Un po’ come soavi ma decisi sono pure gli yaki soba (di grano saraceno) al tè verde con verdure saltate e bottarga.
E se la julienne di calamaro sposa uovo di quaglia, caviale, brodo dashi, salsa di soia e aceto di riso, la piovra viene cotta a bassa temperatura (a 60°C per 6 ore). Per poi incontrare verza, avocado e shichimi, nipponica miscela di sette “spezie e aromi” (in genere, peperoncino, scorza di mandarino, pepe di Sichuan, alga nori, semi di sesamo, papavero e canapa).

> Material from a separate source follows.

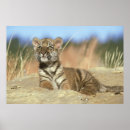 Search for tiger cub posters Siberian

E per un effetto wow? Trancio di salmone al fumo, con tanto di campana di vetro a rivelare la pietanza, affumicata al legno di quercia e corredata di fettine di avocado, tartufo nero, sale nero di Cipro e ikura.
E in pairing con i piatti? Vini italiani ma anche sake, selezionati dal sommelier Flavio Parolin. Il Dewazakura Tsuyahime per esempio, un ottimo junmai ginjo da servire fresco e al calice. In alternativa? Un millesimato 2011 pas dosé di Contratto, cantina di Canelli che in questo metodo classico unisce con grazia e gentilezza pinot nero e chardonnay. E con i piatti più complessi? Il “Cavallina” di Claudio Mariotto, intensa e sapida espressione delle uve timorasso di un vigneto di mezza età, in località Vho.
Ai dolci ci pensa invece la pastry chef Sonia Latorre Ruiz: origini colombiane, una lunga esperienza in Perù per conoscere da vicino il cacao, e poi Belgio, Spagna e Milano. Dove ha da poco aperto la sua pasticceria Dolcelino (con la socia Olivia Cucalon). E dove studia ad hoc i dolci per Nishiki. Come il “Tonka”, summa di mousse alla fava tonka, cristalli d’arancia, cremoso al cassis, gelatina di Prosecco e sablé bretone. Oppure il “Cuba”: cremoso e pralinato alla nocciola, brownie e gelatina di fragola su streusel. Coerenti con il mantra della contaminazione e della massima integrazione degli ingredienti.
Nishiki è sempre aperto a cena, mentre è chiuso a pranzo il lunedì e la domenica.